Work request
Using the data that follows, return exactly the lines from the one that contains "Mint Striped Printable" through the one that contains "Superdry muška polo majica XL crni pamuk", ends included.

Entries supplied
-- Opening Marker --
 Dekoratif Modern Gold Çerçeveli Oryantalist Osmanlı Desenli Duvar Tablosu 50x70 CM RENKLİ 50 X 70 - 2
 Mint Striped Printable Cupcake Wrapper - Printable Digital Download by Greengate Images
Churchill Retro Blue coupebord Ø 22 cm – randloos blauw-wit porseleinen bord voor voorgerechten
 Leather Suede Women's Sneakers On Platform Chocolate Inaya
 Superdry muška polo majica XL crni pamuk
-- Closing Marker --
-- Opening Marker --
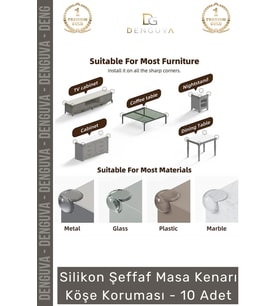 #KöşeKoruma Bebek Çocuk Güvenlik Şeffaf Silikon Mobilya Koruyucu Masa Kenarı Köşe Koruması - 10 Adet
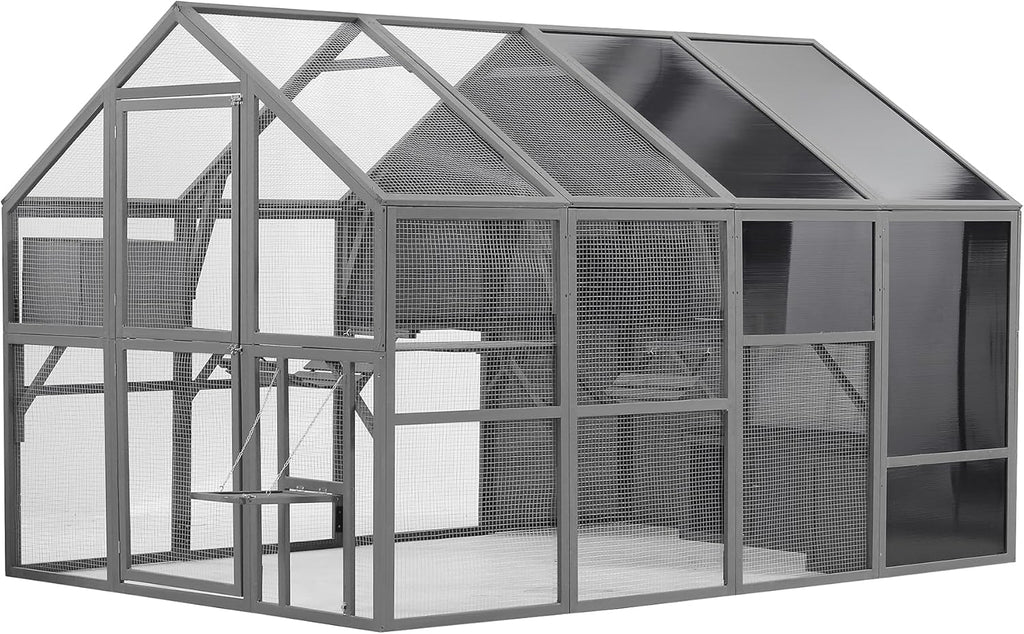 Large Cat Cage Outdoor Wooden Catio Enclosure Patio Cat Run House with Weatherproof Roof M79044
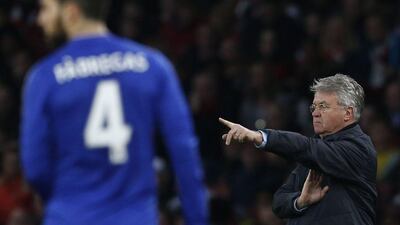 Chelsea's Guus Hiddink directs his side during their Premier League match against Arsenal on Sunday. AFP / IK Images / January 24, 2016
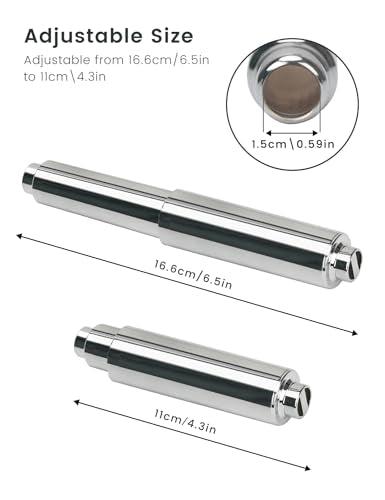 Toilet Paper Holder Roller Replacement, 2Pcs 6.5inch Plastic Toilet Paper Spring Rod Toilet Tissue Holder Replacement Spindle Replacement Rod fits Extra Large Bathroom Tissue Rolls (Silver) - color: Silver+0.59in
-- Closing Marker --
Answer box
 Mint Striped Printable Cupcake Wrapper - Printable Digital Download by Greengate Images
Churchill Retro Blue coupebord Ø 22 cm – randloos blauw-wit porseleinen bord voor voorgerechten
 Leather Suede Women's Sneakers On Platform Chocolate Inaya
 Superdry muška polo majica XL crni pamuk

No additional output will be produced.